Vichy obsédera-t-il toujours la conscience française ? Quels rapports la France entretiendra-t-elle alors avec de très anciennes blessures ? Saura-t-on encore que Vichy est né de la plus cruelle et de la plus totale défaite de toute l’histoire de France, que l’on ne peut l’imaginer détaché des brutales exigences de l’occupant et de la quotidienne inquisition des « collaborateurs » parisiens ?
Ces interrogations — et quelques autres — sont à l’origine de ce livre, que j’ai voulu presque testamentaire. Quarante années de travail, les témoignages écrits de milliers de lecteurs, m’ont donné le droit, et peut-être le devoir, de l’écrire.

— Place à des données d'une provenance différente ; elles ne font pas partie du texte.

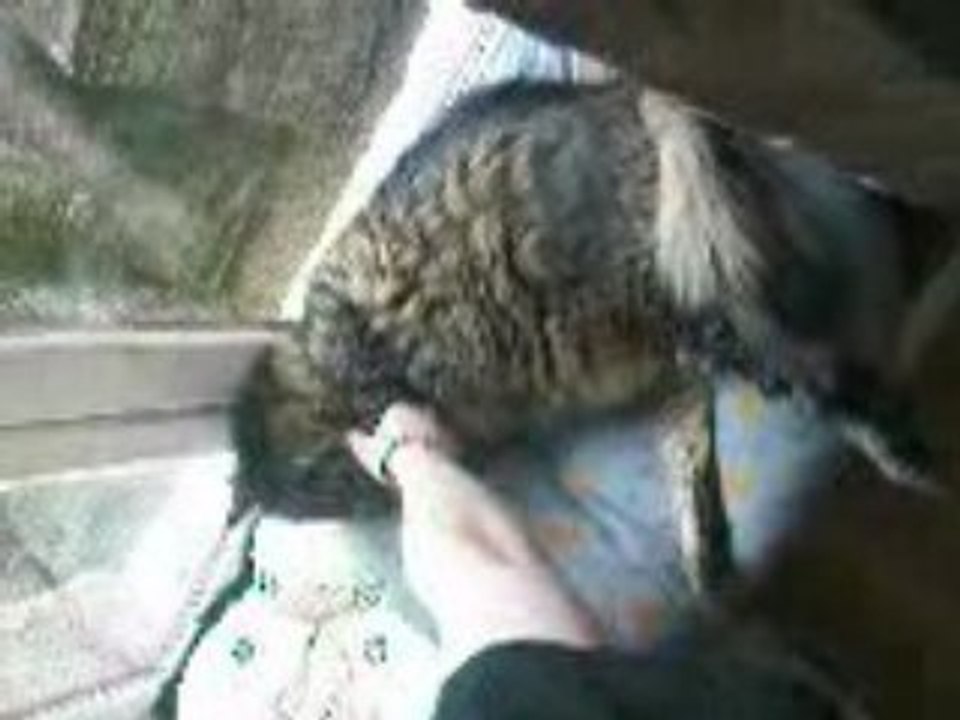 minnie serre la patte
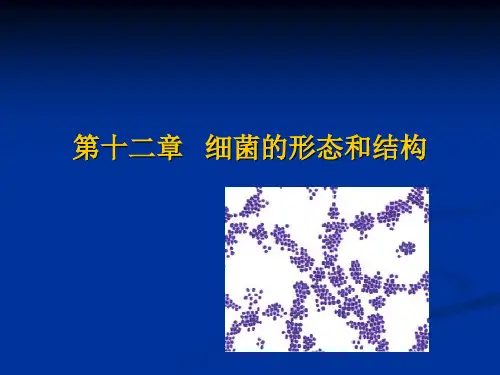 12章_细菌的形态结构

J’ai voulu insister sur des points trop négligés et dont la connaissance permettrait un jugement moins manichéen, ce qui ne veut pas dire indulgent. Car sur Vichy, je tiens pour valable ce que Germaine de Staël, se souvenant de la Terreur, écrivait en 1810 : « Se permettre de mauvais moyens pour un but que l’on croit bon, c’est une maxime de conduite singulièrement vicieuse dans son principe... » Je sais d’autant mieux ce que l’on peut reprocher à Vichy — les compromissions, les complicités, les initiatives — que je conserve, avec les photos de mes enfants, la photo de Régine Adjelson, petite juive de huit ans, déportée vers Auschwitz dans le convoi du 17 août 1942...
En finir avec Vichy... En finira-t-on jamais ? Mais comprendre les évolutions des sentiments, dissiper les confusions, se protéger des télescopages des dates et des événements (1940 n’est pas 1941, qui n’est pas 1942...), faire œuvre d’explication pour réparer les « oublis de la mémoire » - telle est l’ambition de ce livre.